Toby looked surprised by the request. Hell, Pierce was surprised he asked it, but there was this overwhelming urge to see Lace running through him like a commercial jingle you couldn’t get out of your head. It didn’t make any sense, but there it was. He’d been thinking about her almost nonstop since Monday and the only thing he’d ever thought about that much was football.
“Sure, this way.” Toby ushered him into the other room.
Pierce skimmed his gaze over the John Deere lawn tractors, the Ryobi cultivators, terra-cotta patio chimineas, barbecue grills, and a metal cage of propane bottles, but he didn’t see her. The starch went out of his spine and his smile drooped.
“Nice collection,” he said lamely.
“It’s a tough market with them building a Home Depot in Alpine, but luckily we got a loyal customer base who’d rather spend the pennies right here in Cupid than drive. Isn’t that right, Lace?”
Lace.
A right nice tingly sensation spread throughout his body and Pierce went up on tiptoes trying to find her amid the gardening equipment.
“That’s right, Toby.” Lace stood up from where she’d been facing away from them and crouched down beside a display of hedge trimmers.
She dusted her hands on the seat of her jeans—and what a fine seat it was—and turned around. She wore an agreeable red cotton shirt that clung loosely to munificent breasts the size of ripe grapefruits. The color accented her dark hair and fair skin, giving her an otherworldly appearance. He’d had a girlfriend once who dragged him to art galleries. Hadn’t gotten much out of the experience, except now he remembered one of the artists because Lace resembled the heavenly women he painted.
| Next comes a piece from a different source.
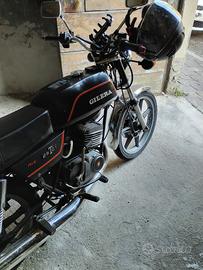 Gilera TG1 mix del 1981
Rubens. Like the sandwich.
Pierce tried to draw in a breath, but it felt as if his lungs had been frozen by liquid nitrogen and they could neither expand nor deflate. He sort of just gaped at her, mouth opening, trying to inhale.
For one brief second a look of alarm passed over her face, but she quickly covered it up with neutral nonchalance. The band around his chest tightened. What did that look mean?
“You need anything,
Lace?” Toby asked.
“I’m good.” She waved a hand. “Go ahead and help your customer.”
Your customer.
Like she didn’t even know him. She wasn’t even going to acknowledge him.
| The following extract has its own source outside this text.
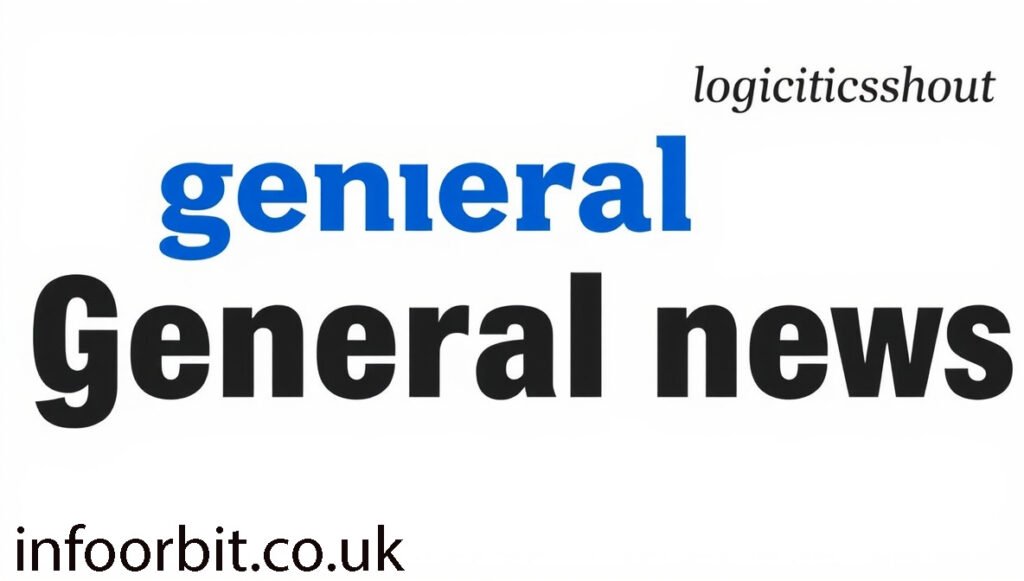 general news logicalshout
Pierce would have said something to her, should have said something glib and flirty, but his lungs still weren’t cooperating. Even so, he must have been breathing on some level or he would have passed out. Right?
Speechless and confused about it, Pierce followed Toby back into the seed room. Toby got a paper bag from above the bins and started dishing seeds into the bag with a big stainless steel scoop. He paused after a moment to weigh it on a pair of scales.
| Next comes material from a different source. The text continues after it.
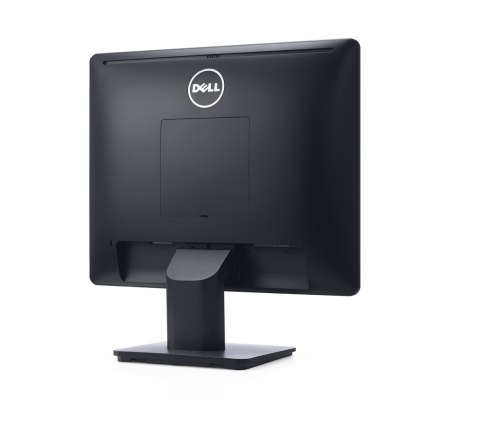 Dell Monitor Dell E1715S 210-AEUS (17"; TN; 1280x1024; DisplayPort, VGA; kolor czarny)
But Pierce was not paying any attention whatsoever because Lace had followed them into the room, the hedge trimmer in her arms, although she was pointedly trying to make her way to the exit as fast as possible.
However, she did cast a quick glance at him and Toby and smirked. What was that about?
“There you go,” Toby announced. “Give this to Aimee.” He handed him a piece of paper with his purchase written on it. “You can pay her on the way out.”
“Thanks,” Pierce said, and grabbed the bag feeling as if he’d been zapped with a stun gun. What was it about Lace that grabbed him so forcefully by the short hairs?
She’d already exited.
He rushed to catch up to her, thought of—and discarded—a hundred different smooth-operator lines. Maybe he should start with an apology for the jerk-off thing he’d said to her in the hospital parking lot. But an apology would put him in a weakened position. Give her the upper hand.
When he got back to the main warehouse, he was relieved to see she was at the teller cage, settling up her bill for the hedge trimmer. She wielded the thing like she knew what she was doing.
“Hi,” he said breathlessly. Brilliant. That line will live in pickup infamy.
She nodded at him, barely. “Thanks, Aimee,” she said, and she turned to leave.
Pierce moved to block her way. “Aren’t you going to say something to me?”